Самой популярной песней Великой Отечественной войны стала песня А. Александрова "Священная война" (слова В.Лебедева-Кумача). Ее текст был опубликован в газетах "Известия" и "Красная Звезда" 24 июня. Очевидцы вспоминали, с каким подъемом исполнил эту песню ансамбль Красной Армии на площади Белорусского вокзала перед солдатами, отъезжавшими на фронт.

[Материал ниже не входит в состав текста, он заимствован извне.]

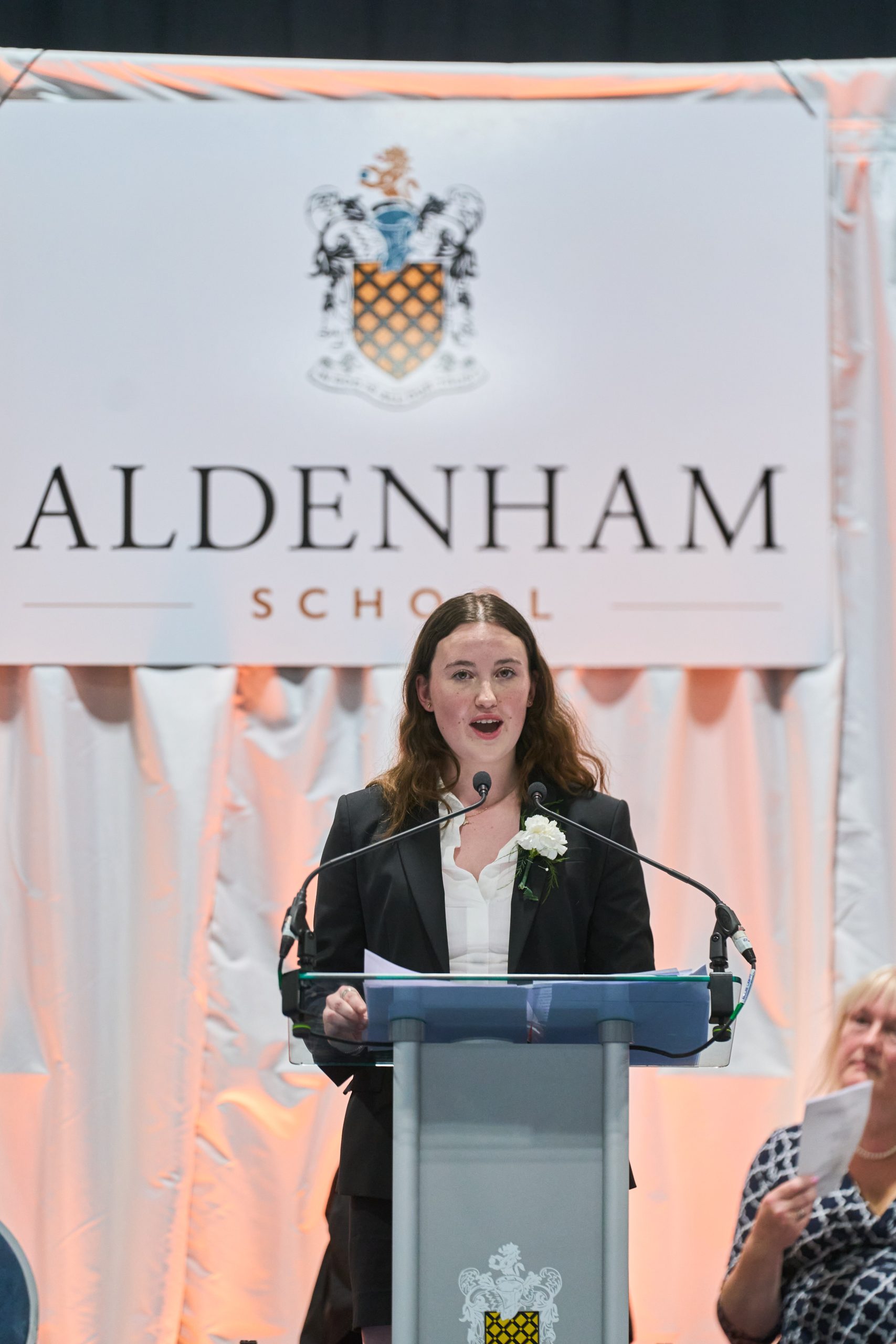 Aldenham_Visitation_Day_2025_SJ_156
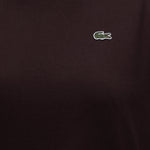 Relaxed fit soft cotton T-shirt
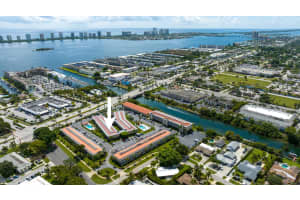 MLS# R10831605, North Palm Beach, Florida 33408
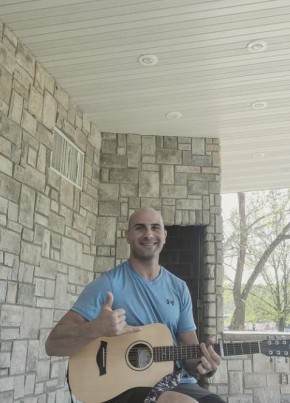 Джозеф, 58, Hungary, Budapest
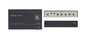 1:5 (U) Audio DA - 105A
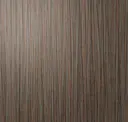 Patinated Elm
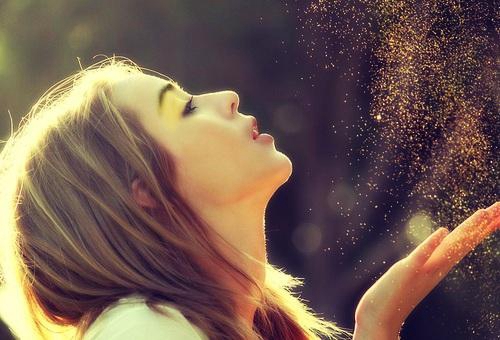 英语母亲节的祝福语简短 英语母亲节的祝福语简短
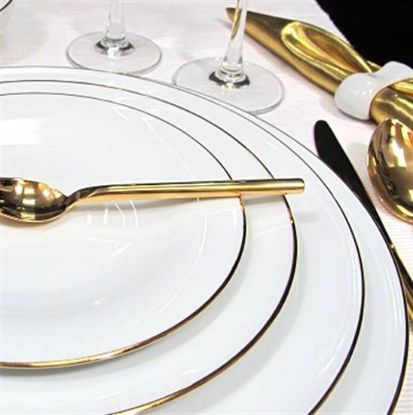 Picture of 5pc. Place Setting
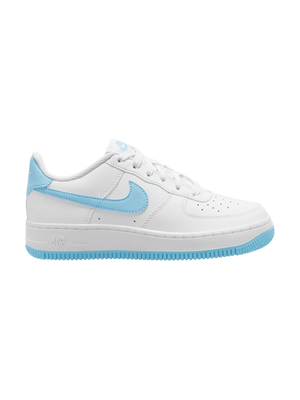 NIKE AIR FORCE 1 BG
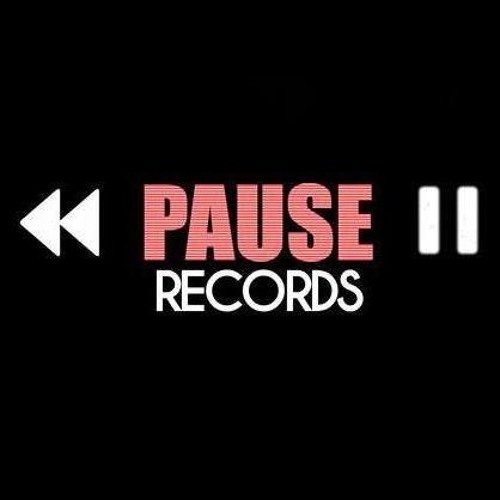 Mustafa Ceceli & Elvan Günaydın - Eksik (ilkan Günüç & Gökhan Ergül Remix)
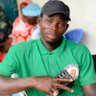 Malick Sow🇸🇳⭐⭐'s profile picture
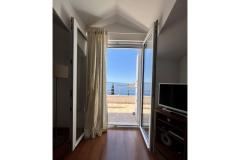 Magic sea view - Leo apartments Apartmán 1 - A1 foto 3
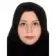 دکتر سیده دیانا حسینی فرح آبادی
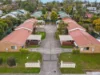 3/94 QUEENS Road, Slacks Creek, Qld 4127-Image
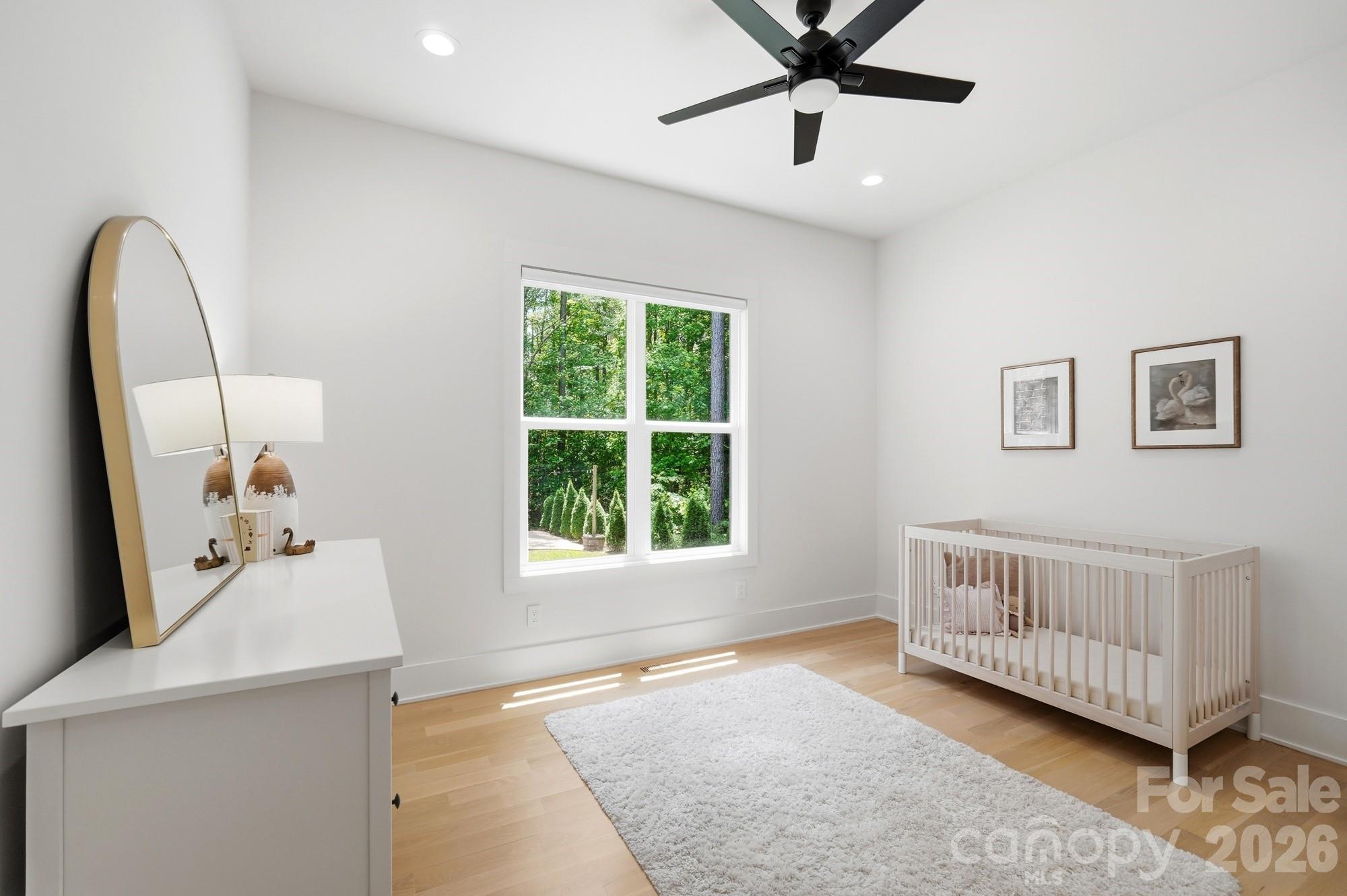 145 Crooked Branch Way Property Photo 23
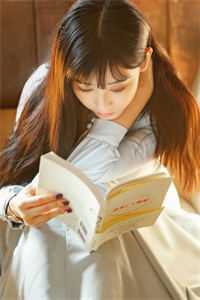 免费小说笔趣阁四合院：何大清长子抗美援朝回来了何雨邦何大清_四合院：何大清长子抗美援朝回来了(何雨邦何大清)最热门小说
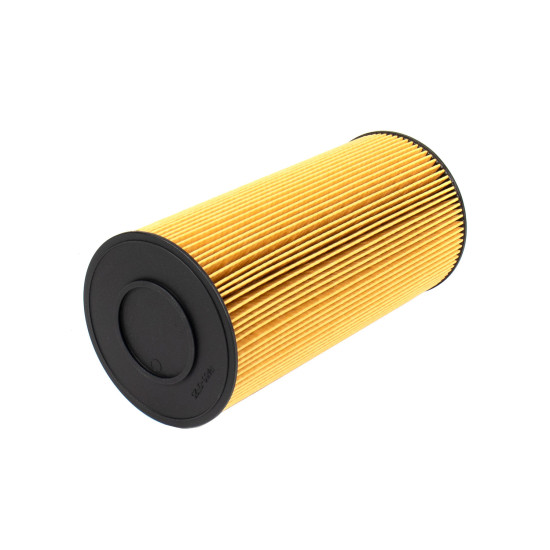 Fuel filter Isuzu 8980742880 JQHV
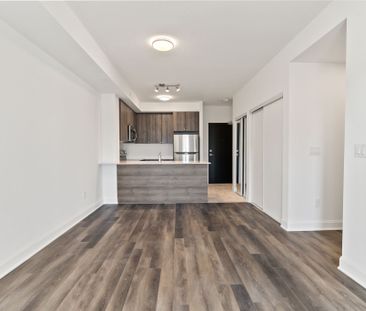 For Lease - 50 Lakebreeze Drive Unit# 117, Clarington, Ontario - Photo 3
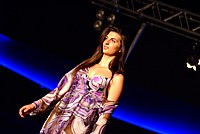 Foto Miss Italia 2012 - Miss Parma/ Miss_Parma_2012_492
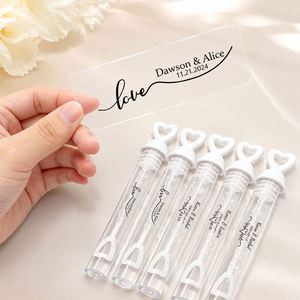 <b>Personalized</b> Wedding Favor <b>Stickers</b> Custom Guest Gift Labels, Event Supplies, Reception Favors, Matching Designs - Product Image 1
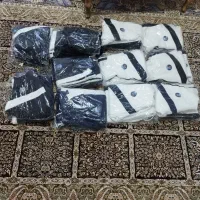 لباس ست پی اس چی|لباس|مشگین شهر, |دیوار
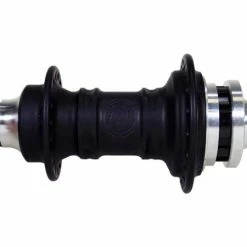 Profile Mini Race Rear Cassette Hub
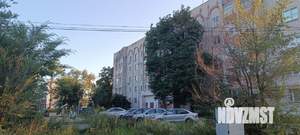 1-к квартира, вторичка, 28м2, 2/5 этаж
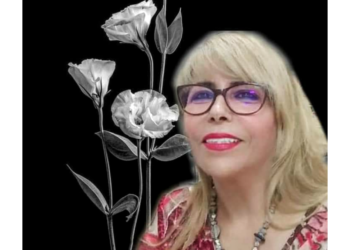 ” موعد ” للشاعرة التونسية د.مفيدة الجلاصي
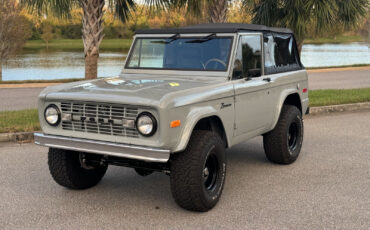 Ford-Bronco-1973-1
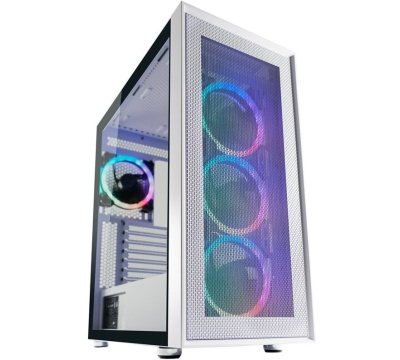 LC-Power Gaming 802W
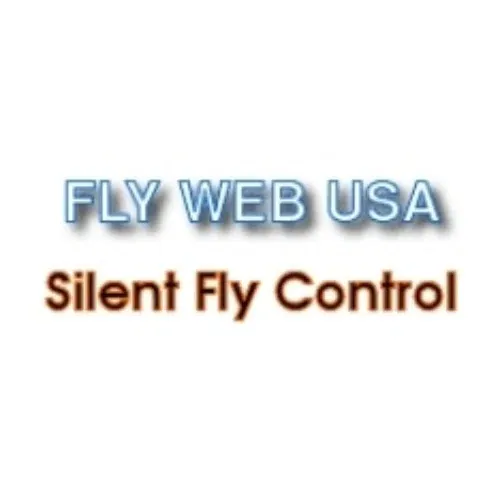 Fly Web Usa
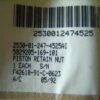 ROTOR,DISC BRAKE  PN 5029205-169-101 - Image 4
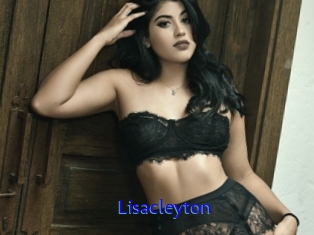 lisacleyton Sexo Gratis
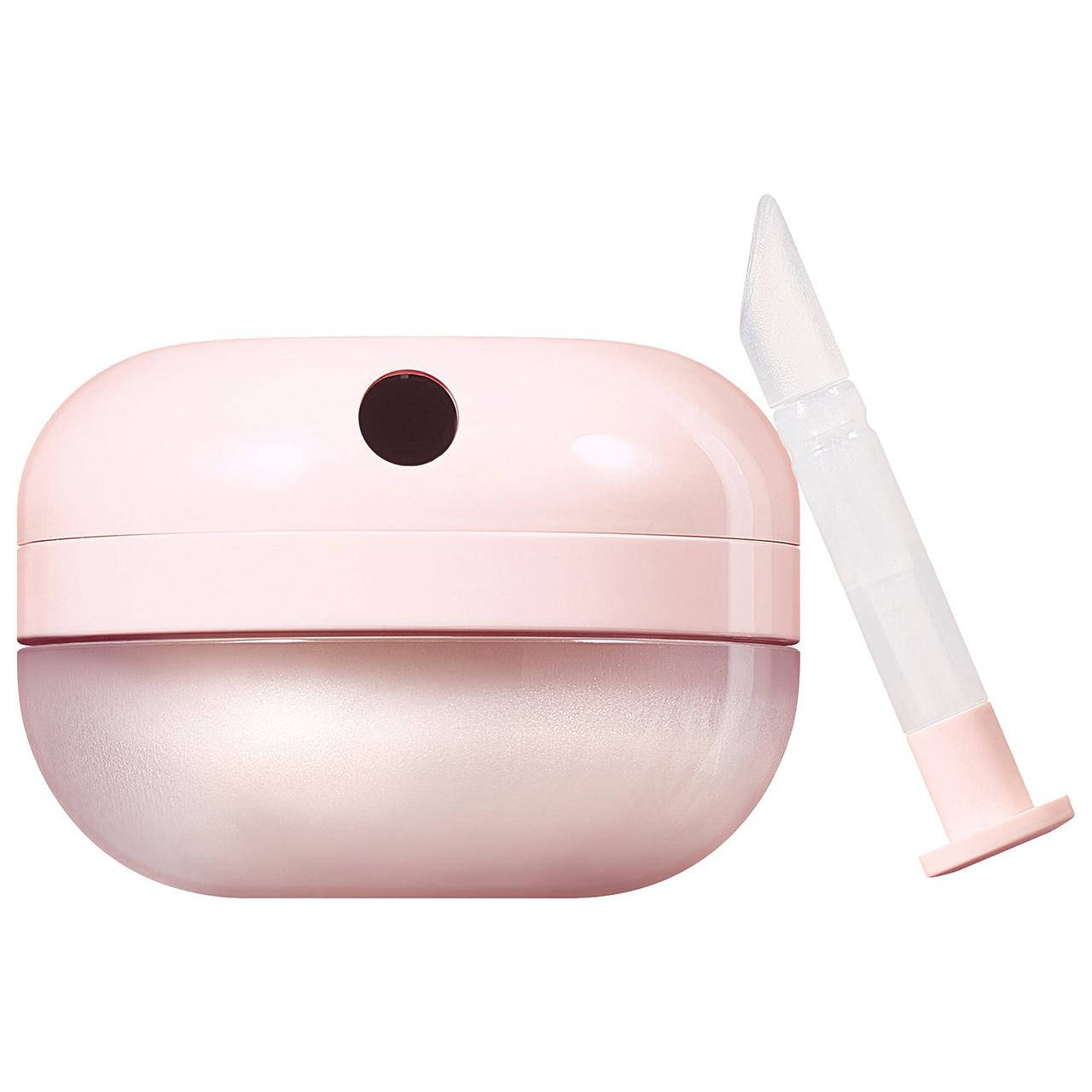

Гигиеническая помада LANEIGE Lip Treatment Balm 0.35 oz/ 10g - Оригинал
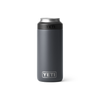 Yeti Rambler 12 Oz Colster Slim Can Cooler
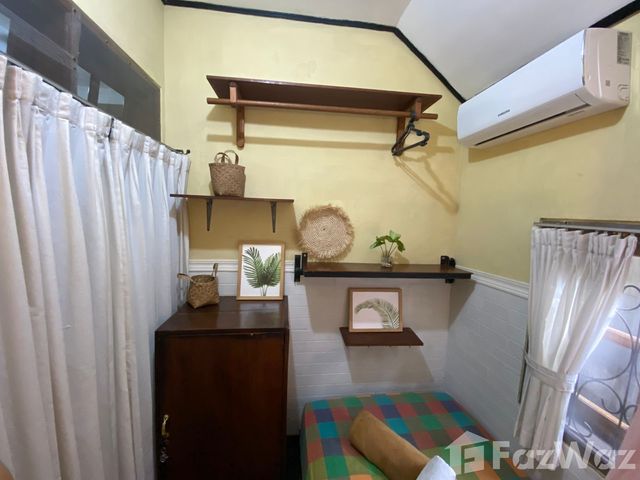 place photo 102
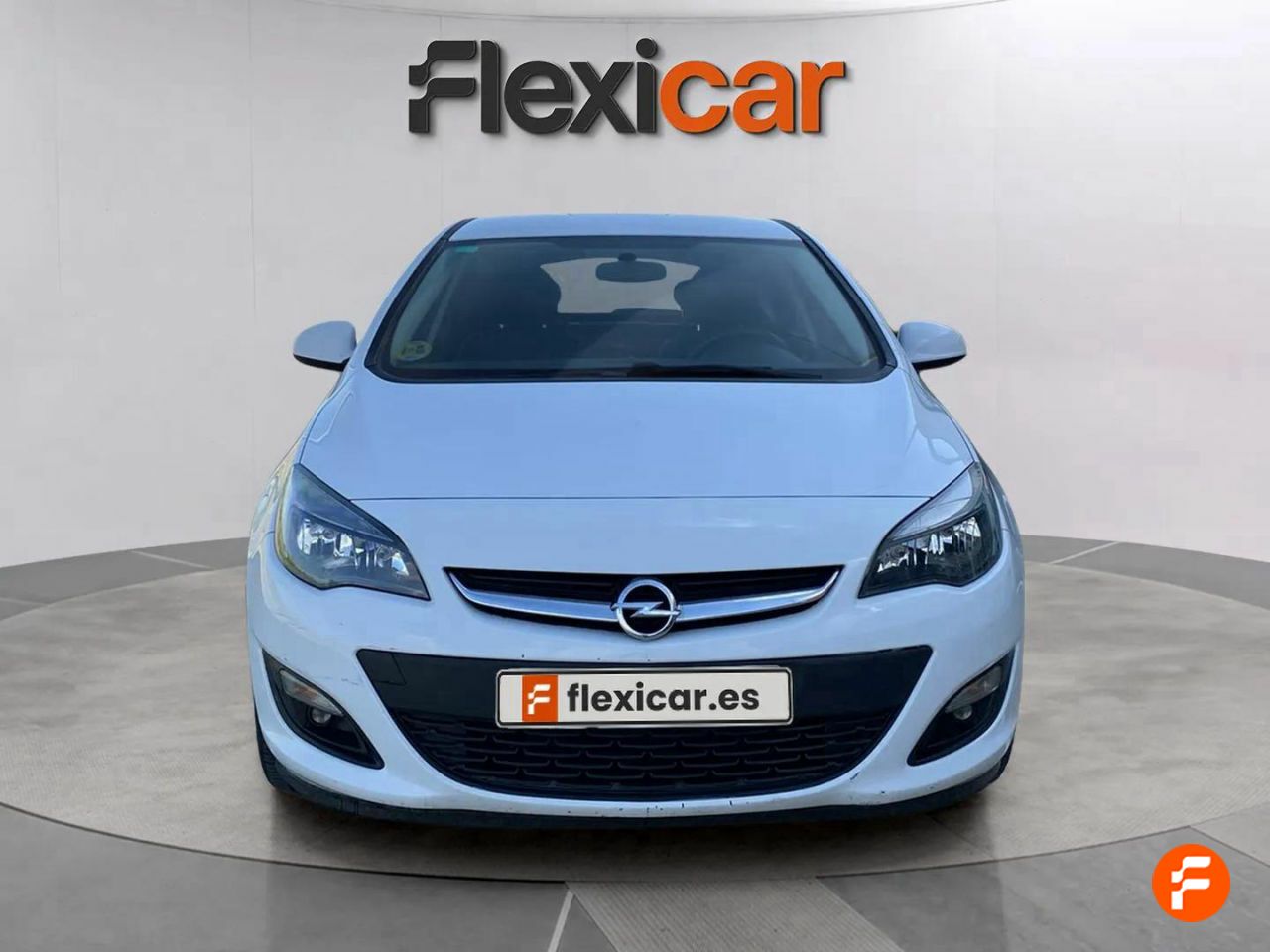 opel astra 2015 / foto grande (2)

С первых же часов после объявления войны в военкоматах возникли очереди людей, записывавшихся добровольно в ряды Красной Армии. Подавляющее большинство воинов на границе и в приграничных округах мужественно сражались с вражескими войсками. Это отметили и многие немецкие военачальники. Начальник германского генерального штаба Франц Гальдер записал 22 июня: "После первоначального "столбняка", вызванного внезапностью нападения, противник перешел к боевым действиям. Без сомнения, на стороне противника имел место факт тактического отхода… Признаков же оперативного отхода не было и следа". 24 июня Гальдер писал: "Обстановка: Противник в пограничной полосе почти всюду оказывал сопротивление… Признаков оперативного отхода противника пока нет. Следует отметить упорство отдельных русских соединений в бою. Войска группы армий "Север" почти на всем фронте… отражали сильные танковые контратаки противника… В общем, теперь стало ясно, что русские не думают об отступлении, а, напротив, бросают все, что имеют в своем распоряжении навстречу германским войскам".

Описывая в дневнике третий день войны на советско-германском фронте, Гейнц Гудериан вспоминал: "24 июня в 8 час. 25 мин… я натолкнулся на русскую пехоту, державшую под огнем шоссе, по которому должно идти наступление… Я вынужден был вмешаться и огнем пулемета из командирского танка заставил противника покинуть свои позиции".

"В 11 час. 30 мин., я прибыл на командный пункт 17-й танковой дивизии, расположенной на окраине Слонима.. Русские танки окружили нас; в нескольких шагах от места нашего нахождения разорвалось несколько снарядов: мы лишились возможности видеть и слышать. Будучи опытными солдатами, мы тотчас же бросились на землю, и только не привыкший к войне бедняга полковник Федлер, присланный к нам командующий резервной армией: сделал то недостаточно быстро и получил весьма неприятное ранение. Командир противотанкового дивизиона подполковник Дальмер-Цербе получил тяжелое ранение и через несколько дней умер".